Element-wise Kernels Group

Element-wise Operations Prototype and Function List

Description

The Element-wise Group describes operations that are applied element-by-element on two tensors of the same shape and return a tensor of the same shape. These kernels can also be used for broadcasting a scalar value. One of the input tensors can be a scalar tensor. In that case the operation is applied to the scalar value and each element of the other tensor.

\(\text{out}_{i} = operation(\text{in}_{i}^{1},\ \text{in}_{i}^{2}\))

\(\text{out}_{i} = operation(\text{in}_{\text{scalar}}^{1},\ \text{in}_{i}^{2}\))

Functions

Kernels which implement Element-wise functions have the following prototype:

mli_status mli_krn_eltwise_<operation>_<datatype> (
   const mli_tensor *in1,
   const mli_tensor *in2,
   mli_tensor *out);
Element-wise Group Function Parameters

Parameter

Type

Description

in1

mli_tensor *

[IN] Pointer to constant input tensor.

in2

mli_tensor *

[IN] Pointer to constant input tensor.

out

mli_tensor *

[IN | OUT] Pointer to output tensor.

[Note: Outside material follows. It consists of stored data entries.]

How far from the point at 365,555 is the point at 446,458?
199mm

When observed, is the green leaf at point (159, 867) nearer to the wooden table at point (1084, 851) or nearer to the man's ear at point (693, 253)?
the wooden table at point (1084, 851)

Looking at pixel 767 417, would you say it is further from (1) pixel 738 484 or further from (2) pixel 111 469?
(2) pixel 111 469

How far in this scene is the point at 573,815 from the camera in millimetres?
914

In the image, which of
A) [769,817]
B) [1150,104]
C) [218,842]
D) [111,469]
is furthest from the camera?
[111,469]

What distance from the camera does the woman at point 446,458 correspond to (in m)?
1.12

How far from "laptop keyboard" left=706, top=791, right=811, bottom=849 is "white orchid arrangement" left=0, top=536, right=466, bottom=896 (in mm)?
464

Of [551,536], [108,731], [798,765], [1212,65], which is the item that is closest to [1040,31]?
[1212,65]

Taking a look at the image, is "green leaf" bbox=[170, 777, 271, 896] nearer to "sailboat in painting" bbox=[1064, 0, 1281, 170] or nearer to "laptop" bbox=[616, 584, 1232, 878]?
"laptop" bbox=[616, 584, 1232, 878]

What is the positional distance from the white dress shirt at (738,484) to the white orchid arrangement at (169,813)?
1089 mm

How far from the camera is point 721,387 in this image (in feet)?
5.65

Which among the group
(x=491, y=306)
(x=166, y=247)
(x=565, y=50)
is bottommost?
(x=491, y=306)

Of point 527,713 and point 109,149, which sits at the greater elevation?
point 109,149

Result is stored here.

List of Available Element-Wise Functions

Function Name

Operation

in1 / in2 / out data format

mli_krn_eltwise_add_sa8

Addition

sa8

mli_krn_eltwise_add_fx16

Addition

fx16

mli_krn_eltwise_sub_sa8

Subtract

sa8

mli_krn_eltwise_sub_fx16

Subtract

fx16

mli_krn_eltwise_min_sa8

Minimum

sa8

mli_krn_eltwise_min_fx16

Minimum

fx16

mli_krn_eltwise_max_sa8

Maximum

sa8

mli_krn_eltwise_max_fx16

Maximum

fx16

mli_krn_eltwise_mul_sa8

Multiply

sa8

mli_krn_eltwise_mul_fx16

Multiply

fx16

Conditions

Ensure that you satisfy the following general conditions before calling the function:

  • in1, in2 and out tensors must be valid (see mli_tensor Structure Field Descriptions) and satisfy data requirements of the specific version of the kernel.

  • Shapes of in1, in2 and out tensors must be compatible, which implies the following requirements:

    • in1 and in2 tensors must be of the same shape, or one of them can be a tensor-scalar (see data field description in the Table mli_tensor Structure Field Descriptions)

    • out tensors must be of the same shape as a non-scalar input tensor.

  • mem_stride of the innermost dimension must be equal to 1 for all the tensors.

  • For mli_krn_eltwise_min_* and mli_krn_eltwise_max_* functions, the following additional restriction apply

    • in1, in2 tensors must have the same quantization parameters. It means that el_params union of tensors must be the same. For other elementwise functions this restriction is not applicable.

For sa8 versions of kernel, in addition to general conditions, ensure that you satisfy the following quantization conditions before calling the function:

  • in1, in2 and out tensors must be quantized on the tensor level. This implies that each tensor contains a single scale factor and a single zero offset.

  • Zero offset of in1, in2 and out tensors must be within [-128, 127] range.

Ensure that you satisfy the platform-specific conditions in addition to those listed above (see the Platform Specific Details chapter).

Result

These functions only modify the memory pointed by out.data.mem field. It is assumed that all the other fields of out tensor are properly populated to be used in calculations and are not modified by the kernel.

If the result of an operation is out of container’s range, it is saturated to the container’s limit.

The kernel supports in-place computation. It means that output and input tensor structures can point to the same memory with the same memory strides but without shift. It can affect performance for some platforms.

Warning

Only an exact overlap of starting address and memory stride of the input and output tensors is acceptable. Partial overlaps result in undefined behavior.

Depending on the debug level (see section Error Codes) this function performs a parameter check and returns the result as an mli_status code as described in section Kernel Specific Configuration Structures.